L'Unione Europea presenta oggi il tasso di disoccupazione giovanile più elevato rispetto a qualsiasi altra area del mondo (escludendo Nord Africa e Medio Oriente): nel 2013, circa un quarto dei giovani europei non più studenti non aveva un posto di lavoro.
In Italia, in particolare, ci troviamo di fronte a una vera e propria emergenza occupazionale: oltre un giovane su quattro sotto i 30 anni è disoccupato (la percentuale supera il 40% per i giovani sotto i 25 anni).
Come in molti altri paesi del mondo, però, in Italia a fronte di alti livelli di disoccupazione giovanile, vi è una seria difficoltà da parte delle imprese a rintracciare competenze e conoscenze adatte.

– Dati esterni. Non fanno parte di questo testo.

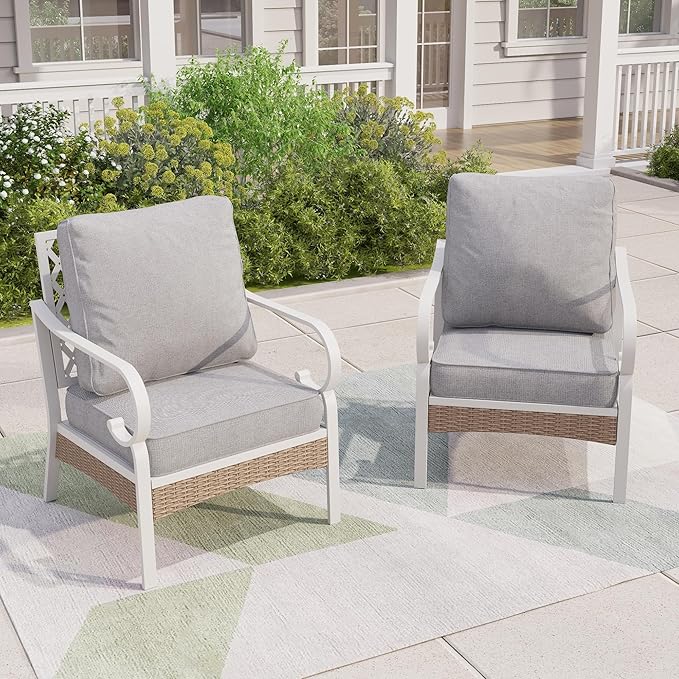 Patio Chairs Set of 2, Outdoor Sofa Chairs with Deep Seating and 5.5" Cushions, Steel Frame Porch Furniture for Lawn Backyard Deck, Light Grey
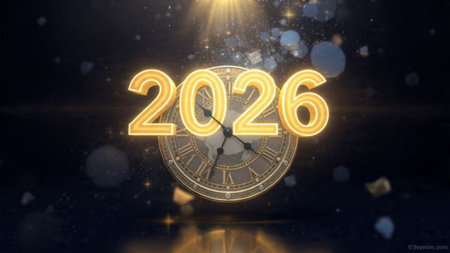 Luxury 2026 winter canvas with crystal-dust particles and clean festive space.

La crescita economica è, dunque, una condizione necessaria, ma non è sufficiente per migliorare l'occupazione giovanile.
Oggi, la transazione scuola-lavoro è ostacolata principalmente da tre fattori:
1. scarsità di profili e professionalità in alcuni ambiti e settori;
2. competenze non adeguate ai bisogni e alle necessità del sistema produttivo;
3. inadeguatezza dei canali di supporto alla ricerca del lavoro.
Dal 2007 al 2013 il tasso di disoccupazione giovanile in Italia è praticamente raddoppiato, passando dal 15% al 28%, con punte di oltre il 40% nella fascia fino ai 24 anni, senza distinzioni di area territoriale.

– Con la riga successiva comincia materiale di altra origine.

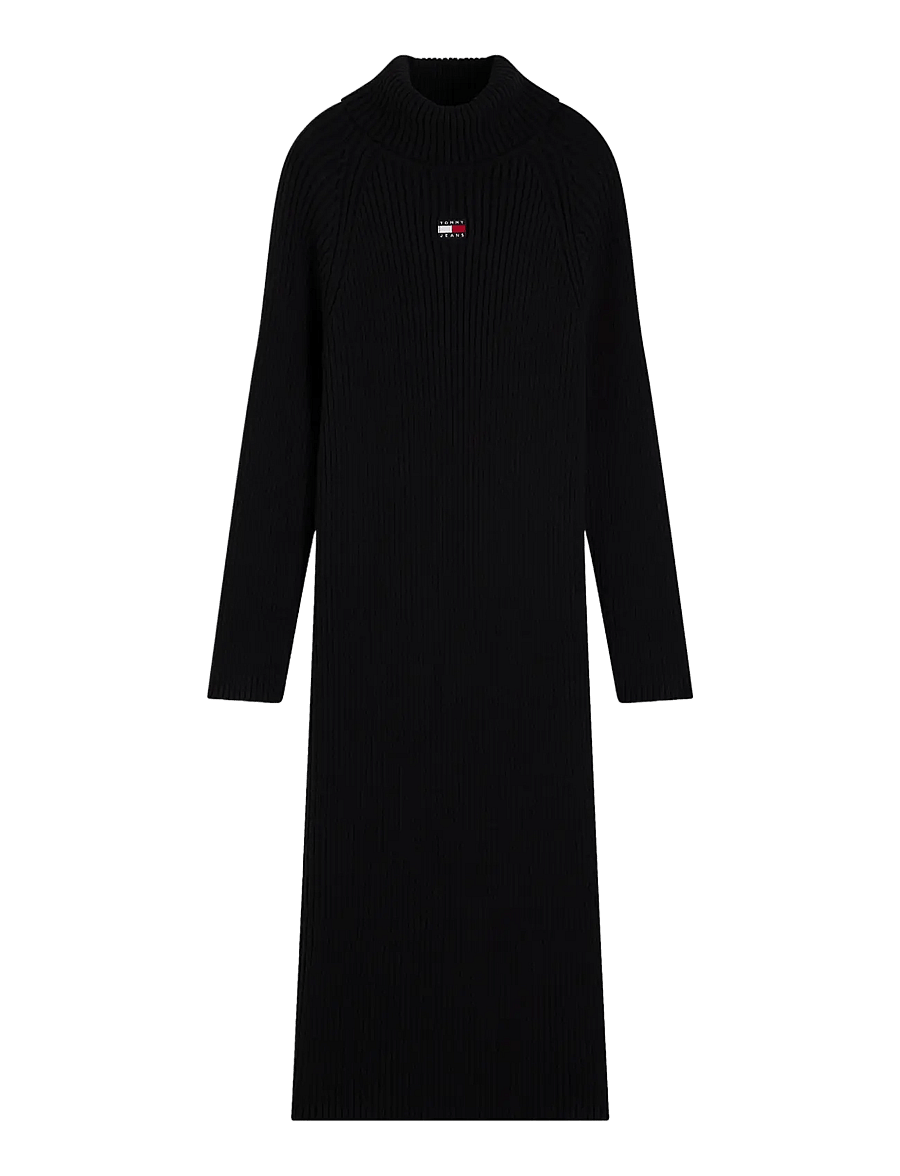 Tommy Jeans - TJW BADGE MIDI SWEATER DRESS - knitted dresses - black - 1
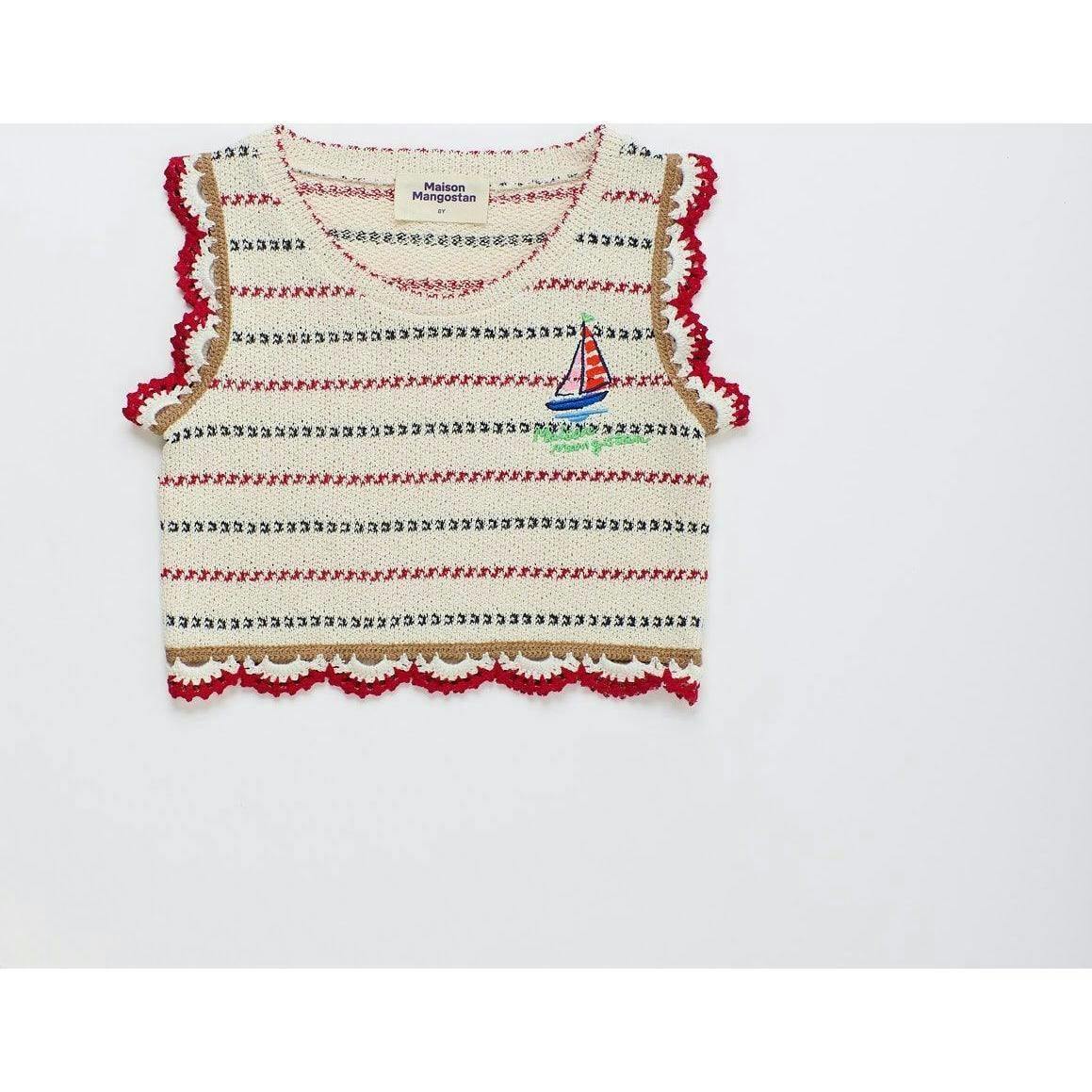 BARCOS KNIT TOP OFF WHITE / RED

Ma, come anticipato, l'alto tasso di disoccupazione giovanile non è dovuto soltanto a elementi economici, quanto anche a elementi di tipo strutturale: carenza di preparazione nelle competenze richieste dalle imprese, tendenza a entrare tardi nel mercato del lavoro, scarsa mobilità geografica, inefficienza dei meccanismi di collocamento dei giovani sul mercato del lavoro, scarsa considerazione sociale nei confronti delle professioni ad alto tasso di manualità sono alcune delle cause del fenomeno, tutte risalenti almeno all'inizio degli anni '90, se si considera il fatto che tale indicatore per l'Italia è rimasto pressoché inalterato negli ultimi vent'anni, indipendentemente dal ciclo economico.
Quello che ci si auspica è, quindi, che vengano attuati interventi di tipo strutturale: la ripresa dell'economia, seppur determinante, da sola non consentirà di evitare il rischio di una "generazione perduta".